Di fatto Mass Effect 3 campa sui meriti costruiti dai precedenti episodi: nel primo si era costruito il mondo, si eran descritte le razze, la scifi un po’ seventies, rinnegata poi nel secondo, che però introdusse un maggior spessore nella scrittura e nella psicologia dei personaggi dell’equipaggio: tutto ciò viene qui praticamente abbandonato poiché la missione salvezza ha precedenza su tutto, non c’è tempo per l’esplorazione, non c’è personaggio utile se non quello che può garantire ulteriori mezzi alla flotta –e tutte le subquest vanno in questa direzione, utili solo a riempire una barra corrispondente all’estensione dell’armada. I personaggi vengono dimenticati, nemmeno falcidiati ma proprio messi in secondo piano, qualcuno continuamente sottratto o nascosto al giocatore senza motivo, fino a una parte finale in cui la loro presenza viene notata a fatica.

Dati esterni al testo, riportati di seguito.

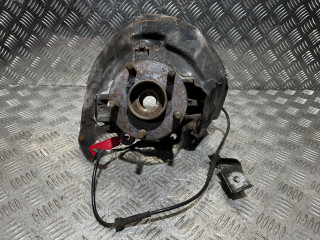 ступица передняя правая Volvo S40 2 поколение 2004, 2.4 л., B 5244 S, бензин, 5МКПП, седан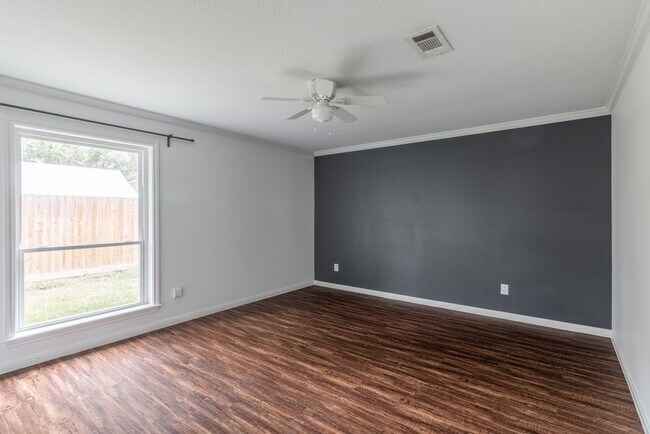 Building Photo - 17810 Cassina Dr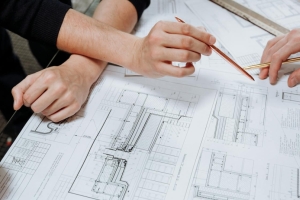 Bauprojektmanagement umfasst die Planung, Organisation, Steuerung und Überwachung aller Phasen eines Bauprojekts, um sicherzustellen, dass es termingerecht, kosteneffizient und gemäß den Qualitätsstandards abgeschlossen wird.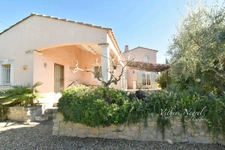 Maison de plain-pied à vendre MOURIES (13)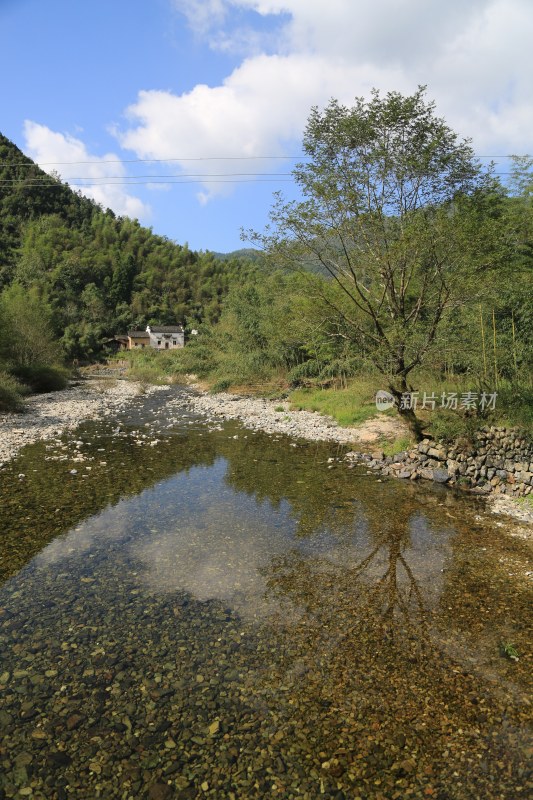 山间小屋 田园风光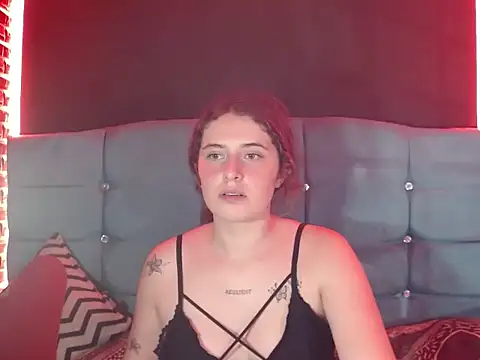 Cherry_Boom18 webcam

Fanno eccezione solo i rapporti fra alcune razze, qui però risolti in modo sbrigativo e con morale e metodi di cui sopra.
Tutto è architettato in modo da coinvolgere nella narrazione della resistenza (col solito cliché yankee del nemico inquantificabile e indistruttibile, v. le seppie di Matrix tanto per dirne una, epic epic epic!), per poi tradire questo coinvolgimento già labile incitando a ogni passo un rallentamento, un controllo fuori dalla direzione consigliata, un’esplorazione insensata di pianeti lontanissimi dall’obiettivo, ti viene gridato costantemente che c’è fretta e urgenza ma il giocatore che ignora il richiamo dei civili che muoiono (in realtà no, tutto scatta ai soliti checkpoint) e si mette a esplorare l’ultimo stronzo fra gli anfratti delle rovine viene ovviamente premiato con armature e power up, come in un tacito accordo fra sviluppatori e giocatori, concordi nel ritenere incredibile la minaccia aliena e ridicola un’associazione “terroristica” con mezzi per essere ovunque, prima di tutti, in modo perfettamente invisibile e con mezzi e risorse superiori a quelle della galassia sommate. Sono minacce che al massimo possono strappare un sorriso, per come vengono sparate a ondate di nemici sempre crescenti nel tentativo di trascinare più a lungo possibile il conto di ore giocate.
Insomma, al finale non è che ci si arrivi con grandi aspettative, e anzi –con tutti i buchi che presenta– rimane forse la sola cosa memorabile del gioco, e le polemiche che l’accompagnano fanno solo un favore a Bioware. La grossa occasione mancata è quella delle promesse di tenere conto delle scelte effettuate dal giocatore per cucire su di lui l’esperienza di gioco più personale possibile, di fatto non mantenuta: non solo durante il gioco le possibilità di risposta nei dialoghi sono diminuite (e nessuno pare se ne sia accorto), ma ogni scelta fatta nella trilogia che avrebbe comportato conseguenze ed eventi a cascata realmente differenti è stata abilmente evitata, facendo sparire temporaneamente i personaggi, rendendone insignificanti gli effetti o andando a far confluire ogni valore nella variabile pigliatutto del “quanto è grossa la flotta”.
Come accade sempre più spesso, la conclusione è la parte meno interessante dell’opera, poiché ha il compito di chiudere questioni tutto sommato poco interessanti, a differenza delle prime parti dove vengono svelati mondo e personaggi. Per questo Mass Effect 3 è l’episodio meno riuscito della saga: lo si gioca perché è un legame che dura da anni, perché la scifi anche becera conserva sempre un suo tiro (fosse anche solo in qualche microesperienza laterale), perché la meccanica additiva fra fasi giocate e rapporti con i personaggi funziona sempre, ma di base è un titolo che può piacere fino in fondo solo a chi gode ancora con questo genere di epica onanistica.